Но и Римская империя без Церкви не имеет никаких перспектив. Достаточно вспомнить состояние внутреннего нравственного и политического кризиса, в котором она пребывала накануне этого великого события. Именно Церковь вдохнула в нее новую жизнь, обозначила те цели имперской деятельности, которые ранее были неизвестны и недоступны римскому обществу, определила смысл существования Рима.

Здесь не было механического наложения одной формы на другую. Церковь – сообщество верующих в Христа, и государство, состоящее в значительнейшей массе своей из христиан, не может не быть одновременно с тем Церковью. Если же Церковь и Империя – одно целое, и власть священноначалия различается от императорской не по своей природе и источнику, а лишь в эманациях, то нет ничего удивительного в том, что император не только смело вторгался в дела Церкви, но и признавался главой земной Церкви.

В свою очередь, именно в Византии зародилась и окрепла та идея, что его правоспособность, как монарха, напрямую зависит от чистоты личного вероисповедания царя и отстаивания им истинной веры.  А потому акты правоверного императора по вопросам догматики и канонического права, признавались действительными. Зато акты василевса, невольно погрешившего против христианской истины (сознательных ересиархов и атеистов те века, конечно, не знали), признавались неправомочными. Не правда ли, весьма отличное от современного понимание правоспособности?

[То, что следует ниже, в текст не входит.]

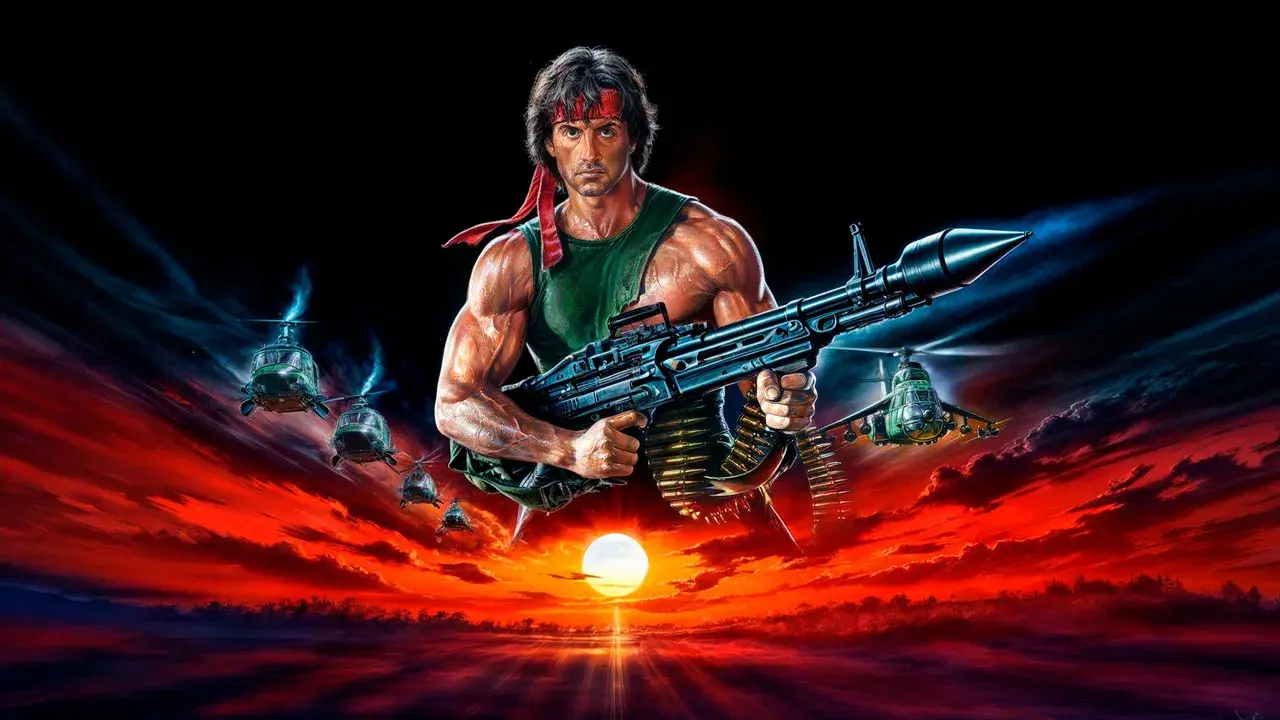 Rambo: Acorralado Parte II fondo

В этом нет ничего искусственного: когда члены Церкви являются одновременно и членами государства, тогда возникает необходимость в едином правовом регулировании жизнедеятельности обоих союзов без ущерба для каждого из них. И глава государства едва ли не автоматически приобретает полномочия по управлению Церковью, признается ее defensor –ом, защитником. Надо сказать, ни один из них никогда не отступал от своих высоких обязанностей.

«Состояние нашего государства, — писал император св. Феодосий Великий (379-395), — зависит от образа богопочтения. Мы должны прилагать величайшую заботливость о благочестии наших подданных. Вся наша надежда и крепость нашей империи зависит от православной веры в Бога».

«Признавая основанием нашего царства веру, — писал император Зенон (474-491), — мы днем и ночью, речью и законами ревностно преследуем одну цель, чтобы всюду Апостольская и Кафолическая Церковь, мать нашего царства, множилась в мире и согласии».

Император св. Юстиниан Великий (527-565) говорил отцам V Вселенского Собора: «Доставлять мир Святой Церкви Божией – было всегдашней заботой православных и благочестивых императоров, предков наших[xvii].

И не случайно к прерогативам императора относились не только созыв, определение повестки дня и утверждение актов Вселенских Соборов, но и правовое регулирование монашеской дисциплины, определение порядка хиротонии епископов, назначение патриархов и освобождение их от кафедр. Каноническое (церковное) правотворчество василевсов насчитывает сотни правовых памятников, многие из которых действуют и по настоящее время. И это лишь малое перечисление церковной деятельности Византийских императоров.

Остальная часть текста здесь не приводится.